The LA Times ran an article Sunday that's the first in a series leading to the release of scores of teacher effectiveness based on a value-added model for all 3rd-5th grade math/ELA teachers -- which has already created quite a stir and will likely continue to cause a ruckus. In short, the Times got its hands on 6 years of test data and hired an outside stats guru (the RAND corp's Richard Buddin) to analyze the data and rank the thousands of teachers according to their effectiveness at raising test scores, controlling for a number of factors.
The general tenor of the article suggests that value-added scores are an underutilized resource and that using them more could make huge differences. The article notes in different ways that teachers are very, very important, that the right ones can make all the difference, and that we should be focusing more on hiring/training better teachers and firing worse ones. None of which is in any way unusual to read in an article on education these days -- and none of which is completely without merit. Teachers are important, and we do need to do a better job of ensuring that we have better teachers in our schools -- especially the schools with the most disadvantaged populations.
If you read the article carefully and then the background report on the methodology, however, a few things jump out:
*Teacher quality varies widely within schools -- just as with test scores, there's far more variation within schools than across schools ("Teachers are slightly more effective in high- than in low-API schools, but the gap is small, and the variance across schools is large"). Which means that the highest performing schools don't have all the best teachers and the lowest performing schools don't have all the worst teachers. Which means that something other than teacher quality is causing schools to be low and high performing. Which means we should probably focus our attention on more than just teacher quality.
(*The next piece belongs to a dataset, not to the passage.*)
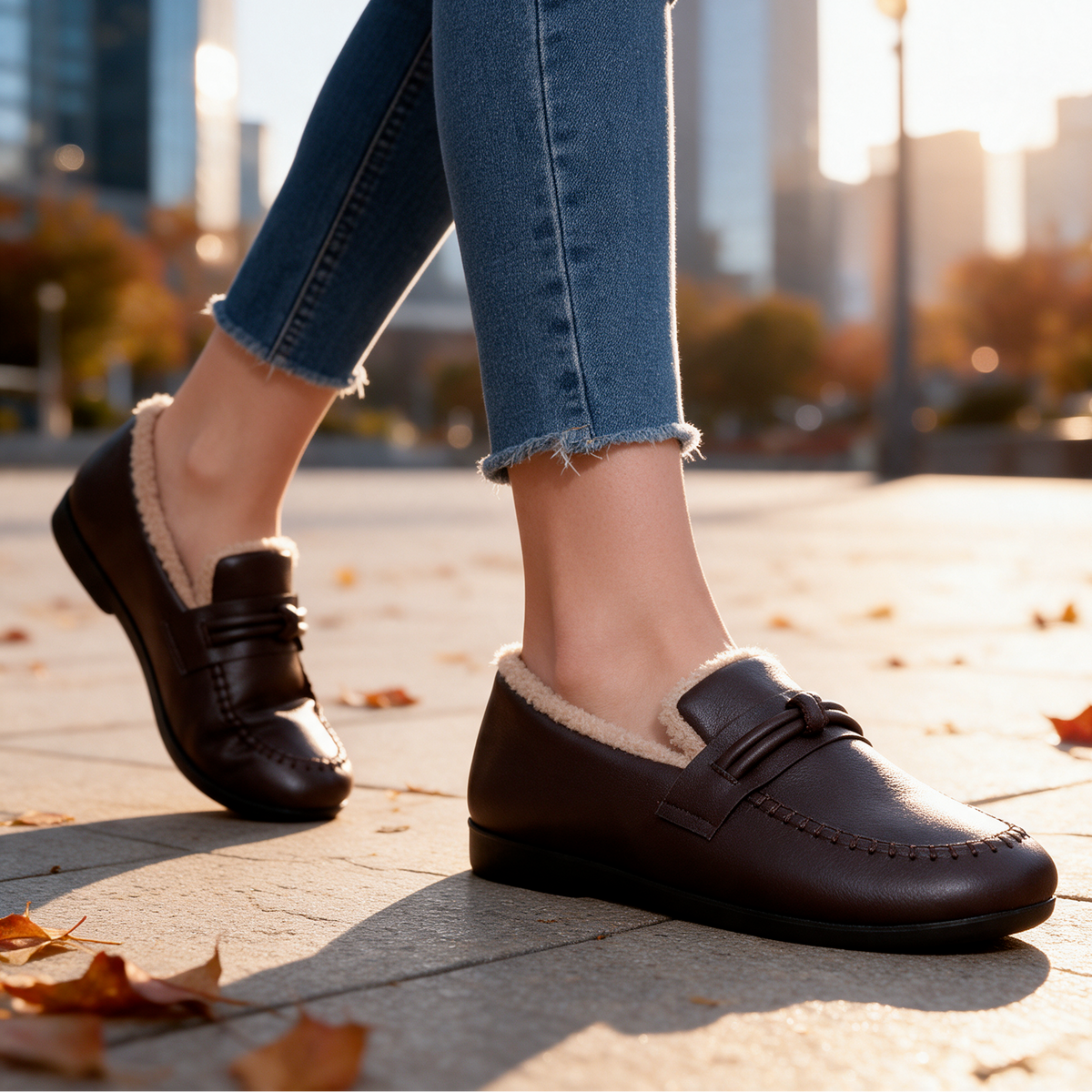 Women's Winter Loafers | Plush Lined & Warm 3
*There's an extremely weak correlation between how the schools fare in the state API rating system and how they fare in a measure of "school effects" that controls for all sorts of factors. As Buddin writes, "About a fourth of low-API schools have above average school value added relative to other elementary schools in the district. Similarly, about a fourth of the highest-quartile API schools have below average school effectiveness. The overall message is that many schools with low achievement levels are producing strong achievement gains and many schools with high achievement levels are producing weak achievement gains for their students."
*I'm not sure exactly how large the teacher effects are, but looking at the info they provide, with the exception of a few outliers, they don't appear to be earth-shatterlingly huge. The methodology paper says that a student with a teacher one standard deviation above normal would move from the 50th to 58th percentile in ELA. If I'm doing my math right (which I might not be -- it's late), that means that 2/3 of teachers, on average, move their students up or down less than one-fifth of a standard deviation each year. The article mentions a teacher who's ranked among the top 5% of all elementary school teachers whose students gain, on average, 4 and 5 percentile points in ELA and math in a given year.
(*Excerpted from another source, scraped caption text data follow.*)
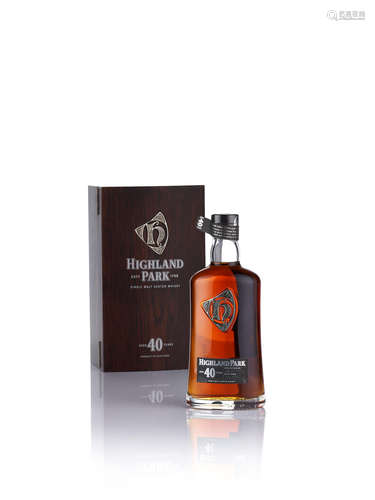 Highland Park-40 year old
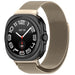 Samsung Galaxy Watch Ultra Milanese band (sterrenlicht)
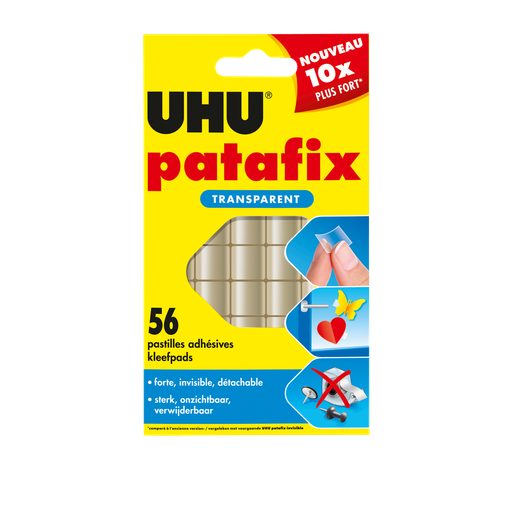 [4026700372809] UHU Massa adesiva Patafix x56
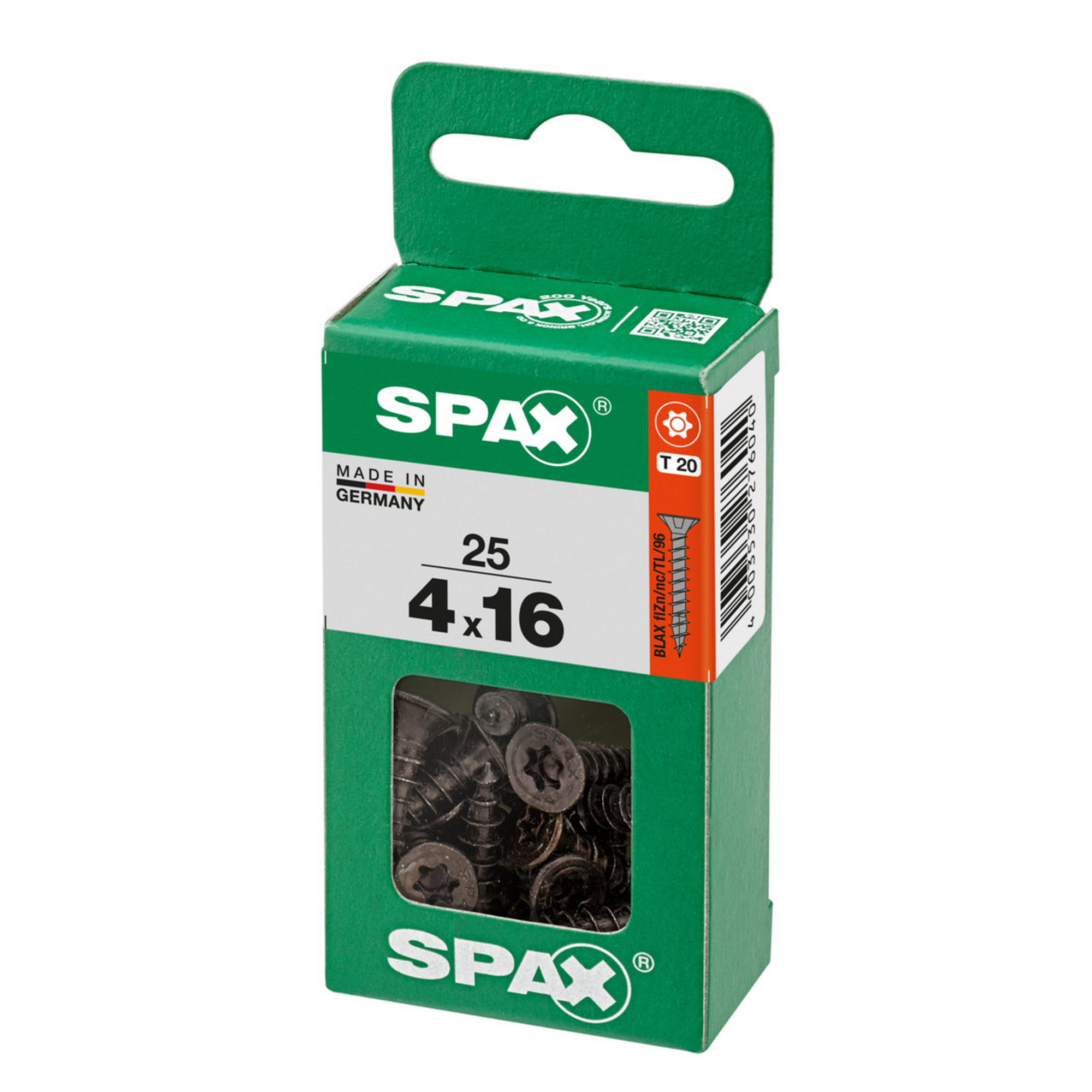 Universalschraube 'BLAX' T-Star plus Ø 4 x 16 mm 25 Stück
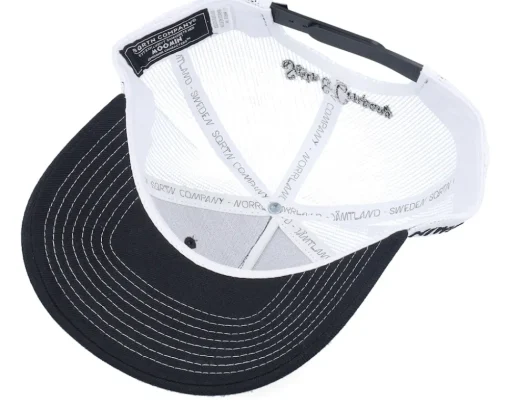 Moomin Circle Black/White Trucker - SQRTN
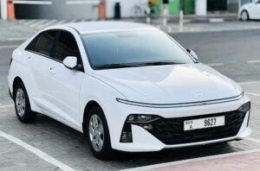 Rent Hyundai Accent in Dubai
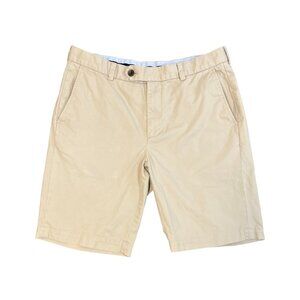 Size 36W | Bermuda Shorts| Brooks Brothers | Beige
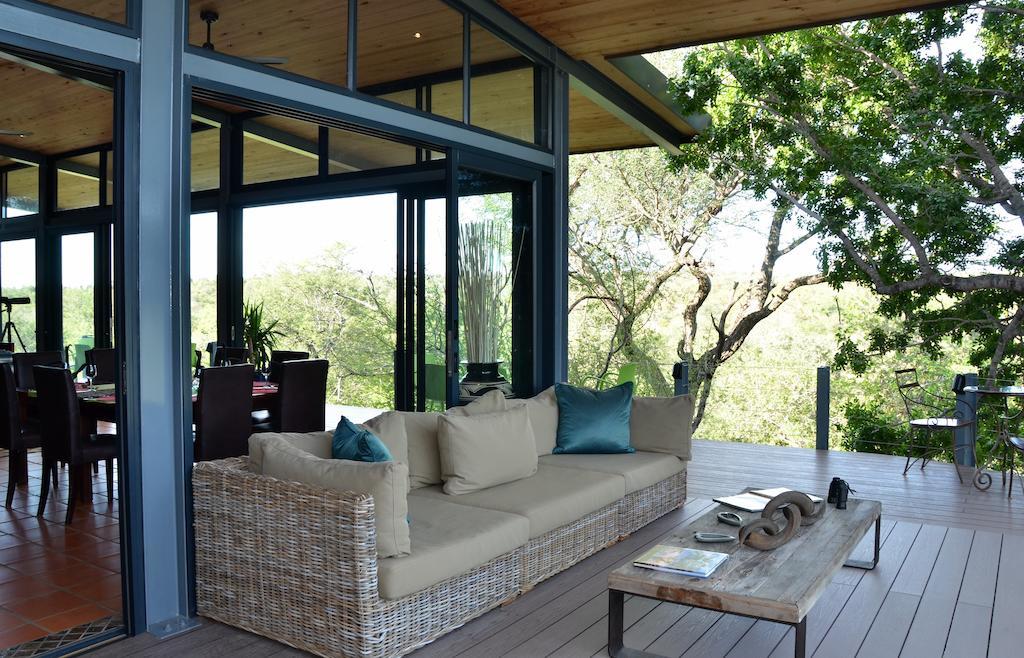 Greenfire Game Lodge Balule Game Reserve Bagian luar foto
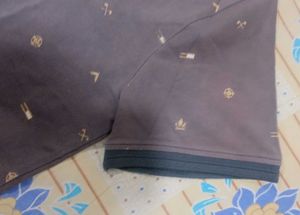 Patterned Polo TShirt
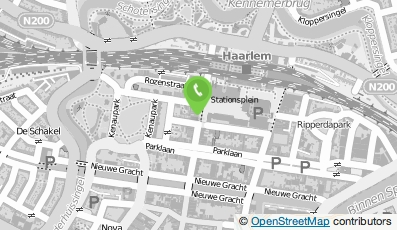 Bekijk kaart van AKK Döner Haarlem in Haarlem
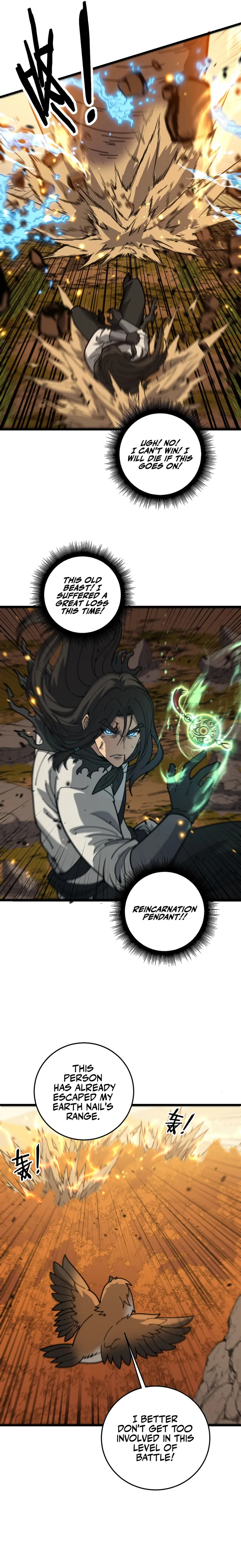 Read Serpent Ancestor EN Manga Online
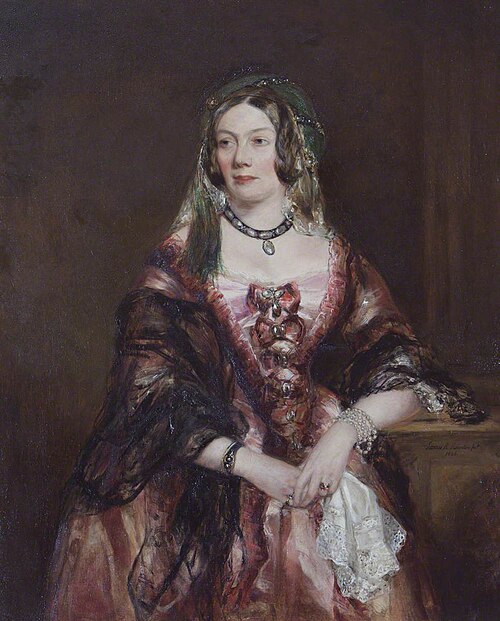 Emma Sophia Edgcumbe, Countess Brownlow (1791-1872), 1846, James Rannie Swinton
*The article mentions a teacher held in high-esteem at one of the highest scoring schools who performs far below average according to the value-added scores. According to the article, her principal thinks she's a great teacher as do the kids and parents in her school. This means that either a.) principals, kids, and parents aren't good judges of teacher quality (at least sometimes), and/or b.) what people define as a good teacher only somewhat overlaps with what teachers can do to boost value-added scores
In future articles I'd really like to see a better description/graphic of how the large the differences in impacts of different teachers is. From what I've read so far, it looks like the vast majority of teachers aren't really all that far apart. Especially considering that previous research has found that you can't simply add one year of teacher effects from a great teacher to the next year's effects from another great teacher (e.g. having three straight teachers that boost scores 10 percentile points on average won't boost your score 30 percentile points). I'd also like to see more on the stability of these results on a year-to-year basis -- previous research has found one year's value-added scores to be only loosely correlated with the previous year's scores (I think the latest paper on the topic found that it took three years to compute a stable score, which makes it hard to use value-added scores for yearly hiring or bonus decisions).
Also, don't forget that value-added scores a.) only represent part of what teachers do and b.) currently only apply to a small fraction of teachers. if we consider elementary schools to be K-5, only grade 3-5 math/ELA teachers had value-added scores -- the majority of teachers in elementary schools teach either K-2 or something other than math/ELA . . . so this use of value-added is no magic bullet.
Lastly, I'd like to add a note about the practical application of these findings. When we do a rigorous statistical analysis of teacher effectiveness, we control for all sorts of things, from previous test scores to the test scores of other kids in the class, and so on. In short, the goal is to say "everything else equal, teacher A will raise test scores by x points more than teacher B". But in real life, everything else isn't equal. So even though the results indicate that the teachers in the worst schools are about as good as the teachers in the best schools, practically that doesn't mean that parents will be (or should be) any more likely to want their kids to attend the worst schools. Mr. Jones might raise the average kid's score by 20 points, all else being equal, but that doesn't mean your kid's score is going to go up by 20 points in his class.
Keep your eyes on the situation, b/c I guarantee you there will be lots of exaggerated responses from people on both sides of the issue. Just remember: value-added scores aren't completely worthless, but they also fall far short of solving all of our problems.